**What is being asked**: Every line below from the one with "WCIT India 2018, NASSCOM" through the one with "臨床試驗(yàn)的最終目的是什么(圖1)" should be retyped exactly, both ends included; no other lines and no pictures.

-------- Data extract --------

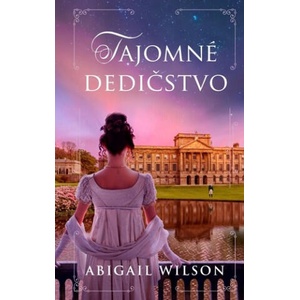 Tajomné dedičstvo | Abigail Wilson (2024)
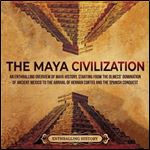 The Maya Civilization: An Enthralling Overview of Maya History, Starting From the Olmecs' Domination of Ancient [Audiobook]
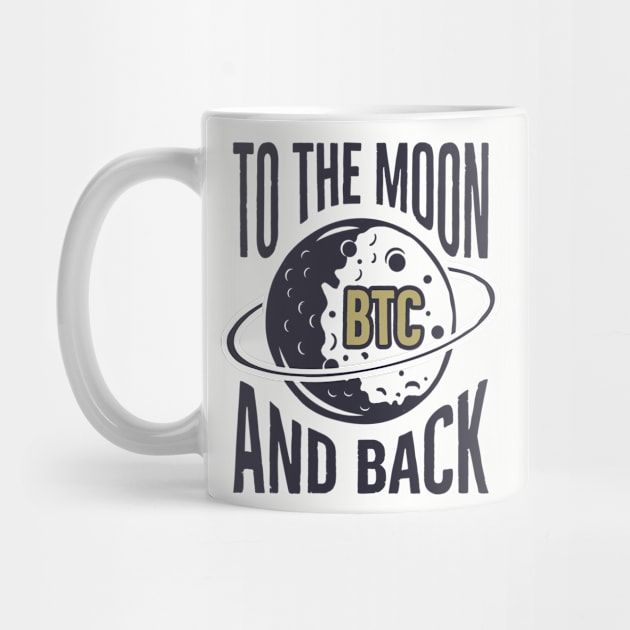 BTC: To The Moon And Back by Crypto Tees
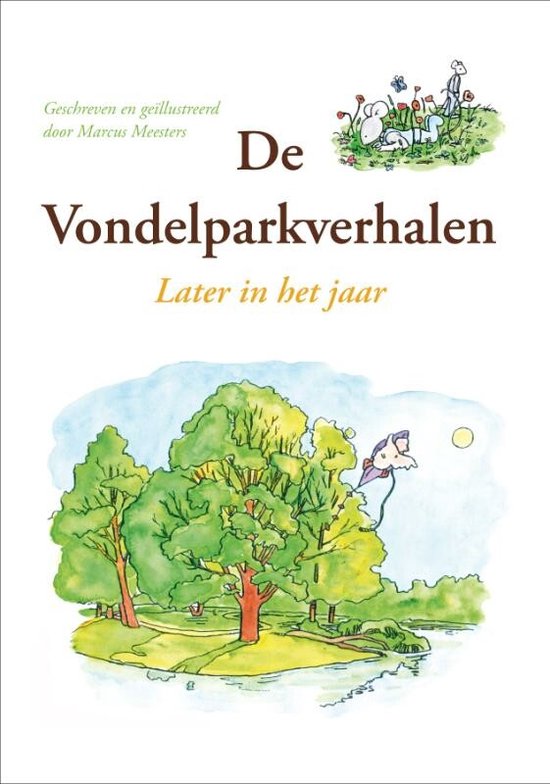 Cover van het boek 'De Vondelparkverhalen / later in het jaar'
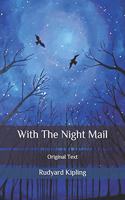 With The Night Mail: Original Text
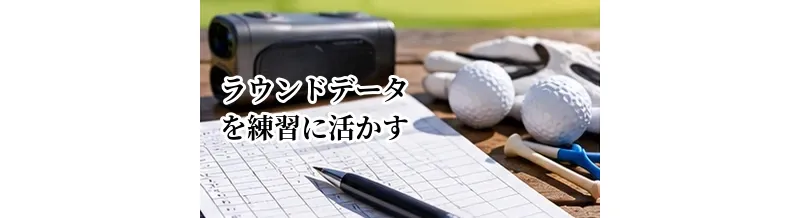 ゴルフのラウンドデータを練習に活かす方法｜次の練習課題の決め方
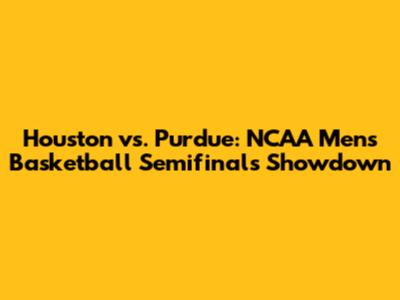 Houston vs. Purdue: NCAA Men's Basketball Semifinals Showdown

--------
-------- Data extract --------

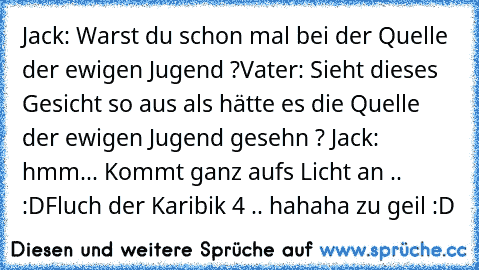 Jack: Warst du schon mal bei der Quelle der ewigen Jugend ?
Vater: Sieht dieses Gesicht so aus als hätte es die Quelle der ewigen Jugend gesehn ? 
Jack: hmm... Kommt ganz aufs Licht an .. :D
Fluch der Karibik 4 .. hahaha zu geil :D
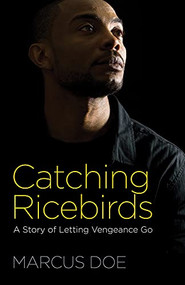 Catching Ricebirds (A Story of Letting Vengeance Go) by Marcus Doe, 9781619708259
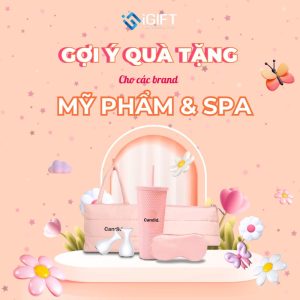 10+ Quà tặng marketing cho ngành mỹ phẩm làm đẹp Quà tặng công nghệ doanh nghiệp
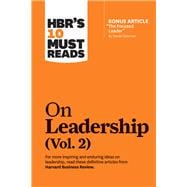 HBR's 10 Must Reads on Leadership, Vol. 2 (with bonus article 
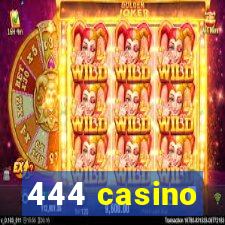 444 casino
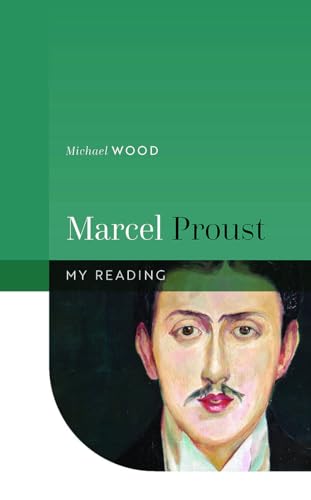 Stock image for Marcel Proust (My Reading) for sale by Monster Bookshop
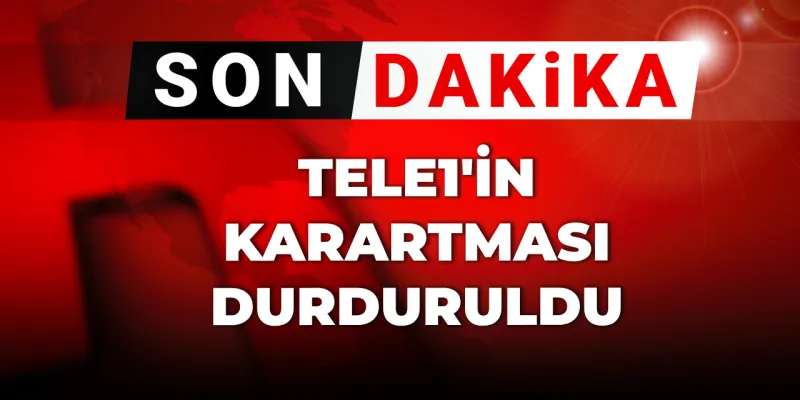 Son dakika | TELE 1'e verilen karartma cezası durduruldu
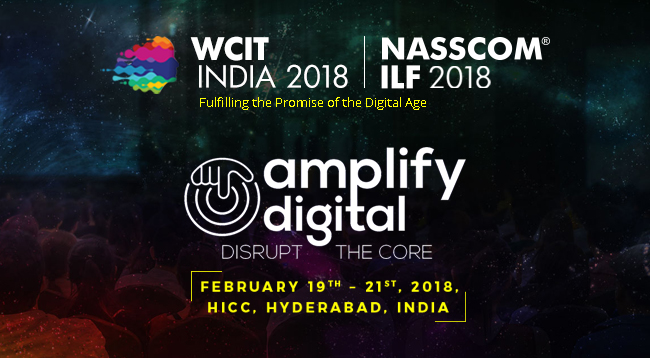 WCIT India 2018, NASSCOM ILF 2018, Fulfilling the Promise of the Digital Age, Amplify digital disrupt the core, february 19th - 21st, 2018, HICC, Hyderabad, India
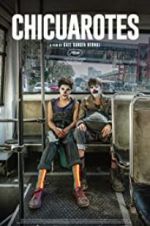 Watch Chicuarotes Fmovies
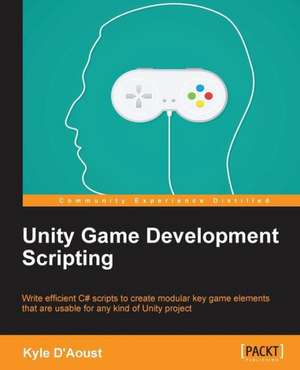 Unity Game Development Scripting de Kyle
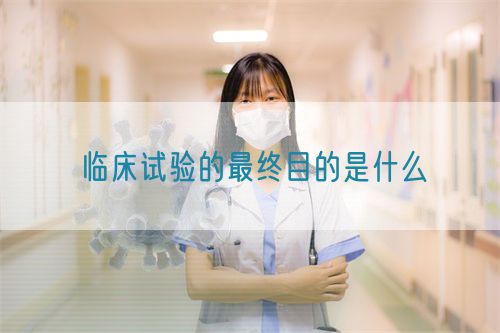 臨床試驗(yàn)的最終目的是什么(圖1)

--------

**Response to the task**:
 WCIT India 2018, NASSCOM ILF 2018, Fulfilling the Promise of the Digital Age, Amplify digital disrupt the core, february 19th - 21st, 2018, HICC, Hyderabad, India
 Watch Chicuarotes Fmovies
 Unity Game Development Scripting de Kyle
 臨床試驗(yàn)的最終目的是什么(圖1)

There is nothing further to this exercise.